Asked about Iraq on his return flight from South Korea, Francis replied that “it is legitimate to halt the unjust aggressor.”
He added, however, that “halt” does not mean to “bomb” and lamented “how many times with the excuse of halting the unjust aggressor…have powerful nations taken possession of peoples and waged a war of conquest!”
He also cautioned that no single nation could determine the right measures. Any intervention must be multilateral and preferably by the United Nations, he said.
Meanwhile, Cardinal Foloni, who is visiting Iraq on behalf of Pope Francis, issued a joint statement this week with Chaldean Catholic Patriarch Louis Raphael I Sako and the Iraqi bishops that urged the international community to “liberate the villages and other places that have been occupied as soon as possible and with a permanent result.”
The statement also urged efforts to “assure that there is international protection for these villages and so to encourage these families to go back to their homes and to continue to live a normal life in security and peace.”
Archbishop Giorgio Lingua, the Vatican nuncio to Iraq, was also asked by Vatican Radio earlier this month about the U.S. airstrikes in Iraq.
“This is something that had to be done, otherwise [the Islamic State] could not be stopped,” the archbishop said.
Although Pope Francis’ own remarks about an intervention in the war-torn country were carefully guarded, Catholic commentator Robert Spencer, author of such bestselling exposes of Islam as “The Truth About Muhammad: Founder of the World's Most Intolerant Religion,” told LifeSiteNews he believes the pope was clearly calling for an “armed intervention, though a very limited one.”
“Only a fool would think there is another way to stop an ‘unjust aggressor,’” he said.

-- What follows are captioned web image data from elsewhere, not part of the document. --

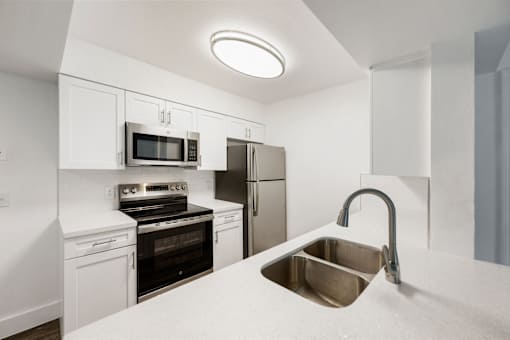 a kitchen with white cabinets and stainless steel appliances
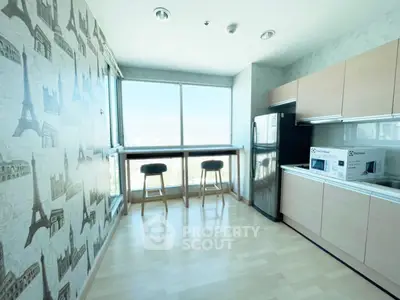 Modern kitchen with Eiffel Tower wallpaper and panoramic city view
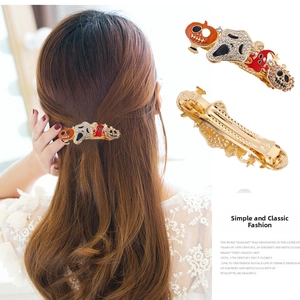 Detail of Halloween hair clip with pumpkin, skull and crystal charms on gold-tone alloy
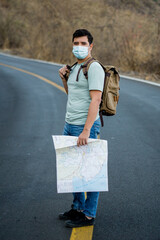 Viajero masculino con una mochila y mapas con una máscara sanitaria de pie en la carretera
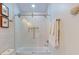 Bright bathroom with white tiled shower, glass door, and decorative art at 4530 5Th S Ave, St Petersburg, FL 33711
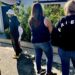 Mourners stand outside the home of actor Matthew Perry, Sunday, Oct. 29, 2023, in the Pacific Palisades area of Los Angeles. Perry, who starred as Chandler Bing in the hit series "Friends," has died. He was 54. (AP Photo/Eugene Garcia)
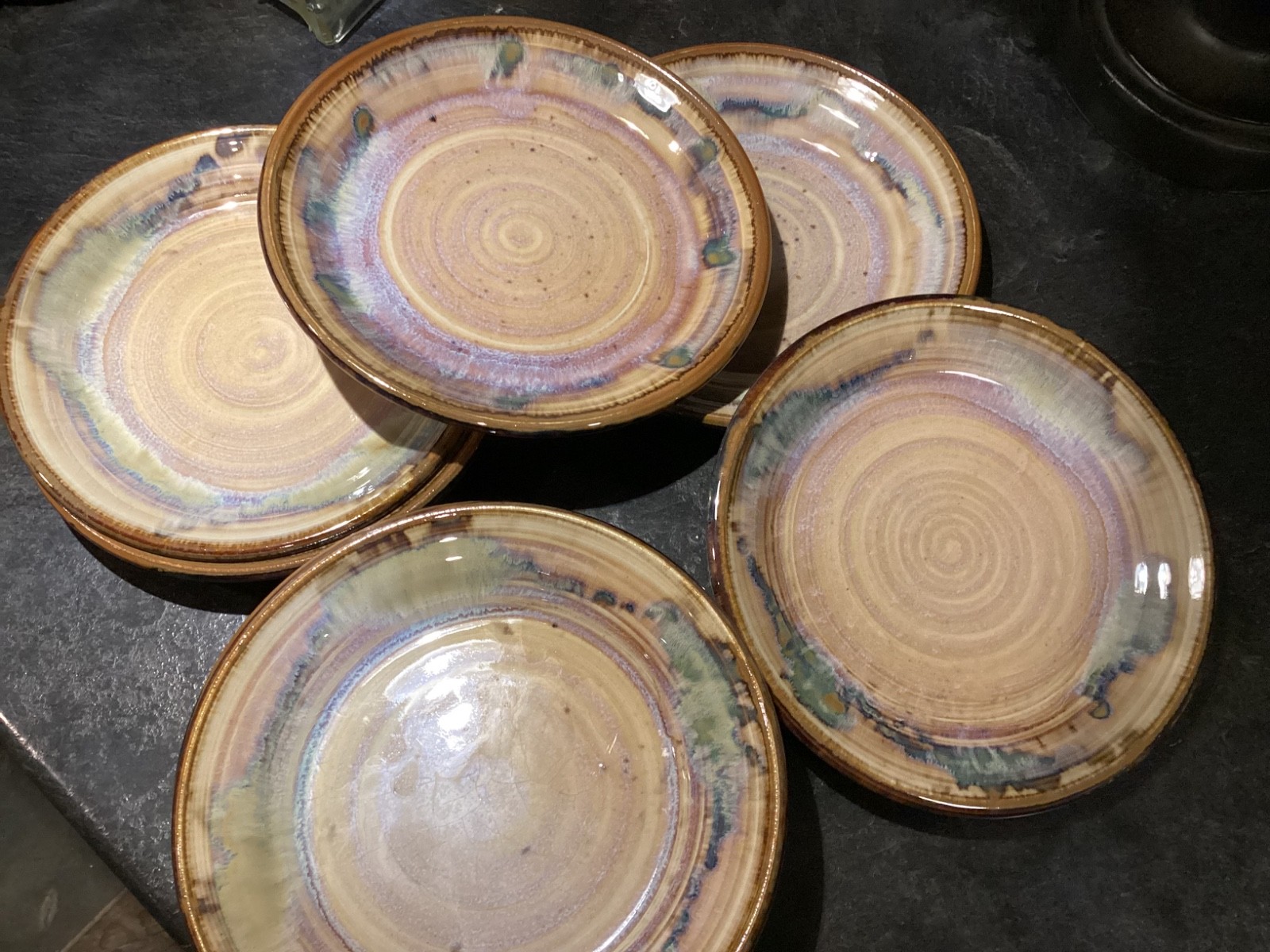 Vintage Greg Olson Handmade NINE Plates 7 1/2in Brown Rim Multicolor pre-owned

Spencer expressed concerns that both Francis and Pope John Paul II before him have both referred to Islam a “religion of peace,” which Spencer says is “completely false.” However, he suggested that Francis’ remarks calling for action in Iraq are a sign of a more realistic attitude towards Islam.
On this, Spencer would likely have the support of Amel Nona, the Chaldean Catholic archbishop of Mosul, who issued a letter last week warning the West in stark terms about the encroaching threat of Islam.
“Our sufferings today are the prelude of those you, Europeans and Western Christians, will also suffer,” Nona warned. “Your liberal and democratic principles are worth nothing here.
“You must consider again our reality in the Middle East, because you are welcoming in your countries an ever growing number of Muslims. Also you are in danger. You must take strong and courageous decisions, even at the cost of contradicting your principles,” he said
“You think all men are equal, but that is not true: Islam does not say that all men are equal. Your values are not their values. If you do not understand this soon enough, you will become the victims of the enemy you have welcomed in your home.”